Slott Report Mailbag: Can I Mix Pre-Tax and Post-Tax Money in the Same IRA?

By Joe Cicchinelli, IRA Technical Expert

Follow Me on Twitter: @JoeCiccEdSlott

This week’s Slott Report Mailbag discusses IRA basis and the ever-popular question about Roth IRA and IRA distributions’ tax status. As always, we stress the importance of working with a competent, educated financial advisor to keep your retirement nest egg safe and secure. Find one in your area at this link.

1.

I currently have two Traditional IRAs, which were funded from rollovers from 401(k) and 403(b) accounts, and opened in 2013. I want to contribute to a Traditional non-deductible IRA for 2014 with after-tax funds then convert it to a Roth. My broker says I can’t mix pre-tax and post-tax money in an IRA. But if I file IRS Form 8606 will it show my basis for what I contributed to the Traditional IRA? Can you help?

Michael from New Jersey

Answer:
You can mix pre-tax and post-tax money in the same IRA. It doesn’t matter because under the pro-rata tax rule, all of your non-Roth IRAs are considered one IRA for tax purposes.
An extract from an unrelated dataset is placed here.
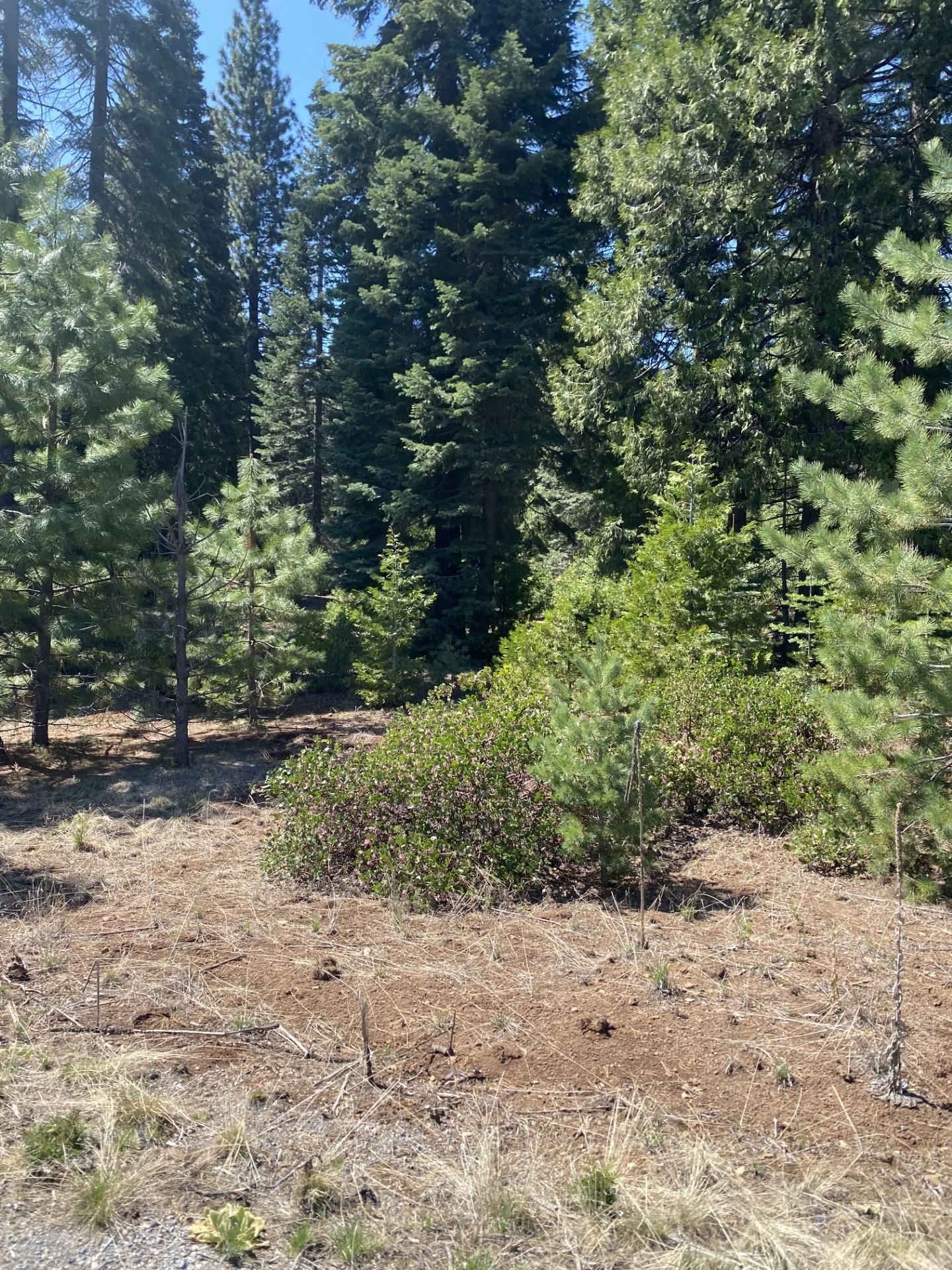 Lake Almanor, California 96137, United States, ,Land,Active,120196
You cannot convert just your nondeductible IRA contribution to a Roth IRA tax-free because you have other IRA money that contains pre-tax funds. Form 8606 will show your basis but it will also show you how a distribution from any IRA will be taxed. A portion of each distribution will come from your pre-tax dollars and a portion will come from your after-tax dollars.

2.

Good afternoon,

I am 44 years old and rebuilding my primary residence from Hurricane Sandy. To pay off my existing mortgage I am taking out all of my contributions from my Roth IRA and Traditional IRA. I opened my Roth IRA in April 1999 for 1998 contributions and my Traditional IRA contributions were all non-deductible because I contributed to 401(k).

Question: for my Roth, if I take my contributions only as a distribution do I pay any tax? For my Traditional IRA do I just pay the 10% early distribution penalty if I just take out my contributions? And if I take out my full balance on a deceased Beneficiary IRA do I have to pay ordinary income tax? Are all my tax statements correct if I take distributions from all three IRA accounts? I am keeping all gains in the Roth and Traditional IRA.

Answer:
All annual Roth IRA contributions can be withdrawn at any time without tax or penalty. For your Traditional IRA, despite the fact that all of your contributions were nondeductible, you cannot just withdraw those contributions tax-free. The earnings on those contributions are taxable. Under the pro-rata tax rule a portion of any distribution will be from your after-tax contributions and a portion will be from your pre-tax earnings. The 10% penalty will apply to the taxable amount of your IRA distribution. The withdrawal of funds from a beneficiary IRA will be taxable, but no 10% penalty because it’s due to death. In your Traditional IRA and the Beneficiary IRA, you cannot keep all gains in those accounts to reduce or avoid taxes.